En étudiant les idées, les doctrines et les stratégies du parti aristocratique (le « Parti noir » entre 1789 et 1791, La Première contre-révolution de Jacques de Saint-Victor vient réviser judicieusement cette vision étroite de la résistance à la Révolution et ouvre un champ d'explorations intellectuel fertile pour qui veut dépasser l'horizon politique républicain. Cet essai nous révèle un continent méconnu de la pensée politique française aux racines vénérables et aux intuitions souvent lumineuses, un courant d'idées aussi éloigné de l'économisme libéral que du fétichisme de l'Etat et du volontarisme jacobin.

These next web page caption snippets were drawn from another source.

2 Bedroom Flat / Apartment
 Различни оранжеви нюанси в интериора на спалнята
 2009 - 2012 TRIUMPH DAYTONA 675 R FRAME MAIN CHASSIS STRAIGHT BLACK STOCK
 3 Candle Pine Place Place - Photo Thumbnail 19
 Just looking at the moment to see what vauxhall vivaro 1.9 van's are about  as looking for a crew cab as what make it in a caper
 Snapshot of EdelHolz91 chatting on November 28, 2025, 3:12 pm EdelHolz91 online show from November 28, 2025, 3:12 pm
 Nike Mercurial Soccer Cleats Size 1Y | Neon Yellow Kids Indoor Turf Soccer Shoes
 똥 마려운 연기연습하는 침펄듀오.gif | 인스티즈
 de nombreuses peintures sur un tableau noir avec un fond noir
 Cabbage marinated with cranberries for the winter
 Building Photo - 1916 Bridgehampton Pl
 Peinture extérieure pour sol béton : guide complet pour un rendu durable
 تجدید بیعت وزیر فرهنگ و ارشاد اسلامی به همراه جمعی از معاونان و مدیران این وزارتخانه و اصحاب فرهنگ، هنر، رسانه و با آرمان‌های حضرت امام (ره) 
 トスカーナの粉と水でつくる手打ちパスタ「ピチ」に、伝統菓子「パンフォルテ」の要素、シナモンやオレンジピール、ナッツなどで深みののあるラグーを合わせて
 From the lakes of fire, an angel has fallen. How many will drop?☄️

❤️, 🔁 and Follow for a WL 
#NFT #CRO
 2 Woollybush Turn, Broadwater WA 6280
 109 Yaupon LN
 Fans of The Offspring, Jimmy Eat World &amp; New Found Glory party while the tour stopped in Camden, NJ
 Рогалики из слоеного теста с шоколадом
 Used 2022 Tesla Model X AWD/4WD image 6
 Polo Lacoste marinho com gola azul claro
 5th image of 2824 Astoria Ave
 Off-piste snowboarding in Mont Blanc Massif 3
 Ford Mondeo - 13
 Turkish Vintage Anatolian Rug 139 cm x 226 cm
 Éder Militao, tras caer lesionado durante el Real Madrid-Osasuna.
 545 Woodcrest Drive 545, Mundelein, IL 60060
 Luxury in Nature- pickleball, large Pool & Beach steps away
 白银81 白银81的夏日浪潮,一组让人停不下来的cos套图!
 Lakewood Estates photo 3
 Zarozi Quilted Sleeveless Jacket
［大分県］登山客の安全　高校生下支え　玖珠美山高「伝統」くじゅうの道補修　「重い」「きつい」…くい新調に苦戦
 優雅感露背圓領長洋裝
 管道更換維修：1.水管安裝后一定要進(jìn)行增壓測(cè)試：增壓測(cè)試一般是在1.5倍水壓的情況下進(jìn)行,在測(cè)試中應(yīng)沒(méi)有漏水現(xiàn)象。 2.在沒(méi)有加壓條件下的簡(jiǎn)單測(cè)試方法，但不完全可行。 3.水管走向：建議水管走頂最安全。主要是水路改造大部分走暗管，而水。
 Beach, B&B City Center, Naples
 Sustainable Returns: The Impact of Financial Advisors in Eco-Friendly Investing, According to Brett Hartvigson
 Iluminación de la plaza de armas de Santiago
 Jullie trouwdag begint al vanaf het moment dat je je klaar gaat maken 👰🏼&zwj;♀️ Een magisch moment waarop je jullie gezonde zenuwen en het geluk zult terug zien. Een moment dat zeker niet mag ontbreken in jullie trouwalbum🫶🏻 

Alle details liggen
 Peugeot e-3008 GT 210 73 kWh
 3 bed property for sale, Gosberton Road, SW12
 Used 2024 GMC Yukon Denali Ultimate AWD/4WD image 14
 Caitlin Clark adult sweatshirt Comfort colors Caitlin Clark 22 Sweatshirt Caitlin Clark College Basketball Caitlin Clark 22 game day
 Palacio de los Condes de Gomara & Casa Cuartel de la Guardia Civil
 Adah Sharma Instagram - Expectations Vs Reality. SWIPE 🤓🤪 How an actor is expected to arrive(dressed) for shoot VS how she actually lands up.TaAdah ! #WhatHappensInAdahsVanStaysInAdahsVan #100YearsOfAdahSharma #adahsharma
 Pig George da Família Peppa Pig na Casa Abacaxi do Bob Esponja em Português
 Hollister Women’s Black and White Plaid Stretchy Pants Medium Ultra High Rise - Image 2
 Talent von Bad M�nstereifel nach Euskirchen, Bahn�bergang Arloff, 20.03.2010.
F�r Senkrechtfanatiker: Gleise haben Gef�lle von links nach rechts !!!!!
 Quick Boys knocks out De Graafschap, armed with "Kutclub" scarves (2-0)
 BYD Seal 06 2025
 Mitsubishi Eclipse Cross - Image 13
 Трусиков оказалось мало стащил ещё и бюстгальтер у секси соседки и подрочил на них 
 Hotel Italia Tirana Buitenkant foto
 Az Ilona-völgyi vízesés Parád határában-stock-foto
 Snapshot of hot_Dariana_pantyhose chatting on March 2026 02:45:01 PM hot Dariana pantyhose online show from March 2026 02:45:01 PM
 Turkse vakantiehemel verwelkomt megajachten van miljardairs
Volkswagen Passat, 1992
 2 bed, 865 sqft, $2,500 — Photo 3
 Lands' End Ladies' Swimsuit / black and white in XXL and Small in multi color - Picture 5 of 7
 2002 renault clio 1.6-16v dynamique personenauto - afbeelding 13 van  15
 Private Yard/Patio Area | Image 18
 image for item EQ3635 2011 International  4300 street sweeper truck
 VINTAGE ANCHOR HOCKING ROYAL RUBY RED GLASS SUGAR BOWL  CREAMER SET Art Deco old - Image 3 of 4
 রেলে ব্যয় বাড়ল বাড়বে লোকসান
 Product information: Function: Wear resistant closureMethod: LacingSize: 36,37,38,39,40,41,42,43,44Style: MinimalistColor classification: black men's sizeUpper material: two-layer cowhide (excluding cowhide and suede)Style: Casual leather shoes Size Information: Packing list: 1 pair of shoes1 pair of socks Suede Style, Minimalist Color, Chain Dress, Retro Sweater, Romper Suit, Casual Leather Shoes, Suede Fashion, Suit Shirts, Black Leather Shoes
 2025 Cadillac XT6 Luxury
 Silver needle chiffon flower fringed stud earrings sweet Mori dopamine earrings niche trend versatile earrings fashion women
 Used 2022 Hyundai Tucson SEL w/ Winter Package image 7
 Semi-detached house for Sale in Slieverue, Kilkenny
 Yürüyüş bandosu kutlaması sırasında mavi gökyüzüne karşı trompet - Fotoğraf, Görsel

Loin d'être en effet le parti de l'absolutisme ou de la défense frileuse des privilèges, le programme aristocratique se fonde sur la volonté de rénover « l'antique contrat conclu entre le roi et la nation », de ressusciter les libertés médiévales et le droit des provinces. Les « Noirs » vont ainsi se livrer à une critique de la domination politique dont les accents semblent parfois annoncer le meilleur de la pensée proudhonienne
et de la défense personnaliste des communautés humaines. Outre cela, ils défendent souvent une vision terrienne et paysanne de la société. Contre une bourgeoisie éclairée qui rêve déjà de République universelle et se sent plus nomade qu'enracinée, contre la propriété financière et l'argent anonyme, le Parti noir cherche à retrouver les vertus de la propriété familiale et locale et des devoirs qui lui sont attachés. Ils tentent aussi de renouer avec l'esprit de la noblesse et contestent les prétentions au pouvoir de la bourgeoisie. En 1791 et dans les années qui suivirent, ces hommes quittèrent une France qui se transformait en République une et indivisible. Quelques-uns d'entre eux retrouvèrent à la Restauration une situation ou une charge, sans éviter malheureusement parfois d'épouser les passions de la réaction blanche. Héritiers de la Fronde et défenseurs d'une monarchie tempérée par les libertés des peuples du royaume de France, ces hommes furent vaincus. Mais leur défaite temporelle n'est pas une condamnation de leurs idées et si, comme l'écrivait Maurras, « il n'y a point de futurisme qu'un passéisme ardent n’ait d'abord animé », cherchons à leur exemple, à renouer avec le plus vénérable passé contre le temps présent, mais en faveur d'un temps à venir.